# Beautiful Knit Flowers



## Fun-Knitter (Apr 17, 2011)

http://www.deramores.com/media/deramores/pdf/knitted-flowers-pattern.pdf


----------



## ElyseKnox (Sep 16, 2011)

Fun-Knitter said:


> http://www.deramores.com/media/deramores/pdf/knitted-flowers-pattern.pdf


Thanks for the post. Recently, I went looking for something like this with no luck.


----------



## Goldengate (Jan 30, 2013)

Thank you!


----------



## Merlene (Apr 15, 2013)

I love these but I not knit. I hope someone knows how to change this to crochet.
Learning to knit is my first New Years resolution. I still have a few months before I have to confirm my resolution.


----------



## Jeannie2009 (Mar 8, 2013)

Merlene, congratulations on that decision. I recently decided to try to knit socks. Doing it now. There is so much help here that you will succeed. Just ask questions. Also you tube has so many detailed photos and videos of how to do anything. And you can watch it over and over if necessary like I did when trying to learn to do short rows and wraps. Dang I never even knew these type stitches existed.
Good luck.


----------



## Pumpkin007 (Jan 2, 2013)

Thanks!


----------



## Merlene (Apr 15, 2013)

Thanks, this gives me encouragement. I want to really start right away. I am working on a crochet project right now but i could start anyway.

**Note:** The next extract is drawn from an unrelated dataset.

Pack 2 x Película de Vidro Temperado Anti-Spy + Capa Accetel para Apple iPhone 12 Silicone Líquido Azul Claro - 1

Thanks again for your encouragement.


----------



## SouthernGirl (Dec 28, 2011)

Cute flowers.


----------



## knitterlin (May 31, 2012)

Thanks! I'd love to knit some up and make a necklace.


----------



## TLL (Jul 15, 2012)

Thank you!!!


----------



## Persian Cat (Apr 9, 2012)

Thank you I too have been looking for a pattern like this !


----------



## bigalbigal3 (Mar 15, 2011)

thanks


----------



## Ky Girl (Sep 6, 2013)

Thank Y have been looking for a pattern...
They are Beautiful .....

Ky Girl


----------



## JulesKnit (Dec 30, 2012)

Thank you!


----------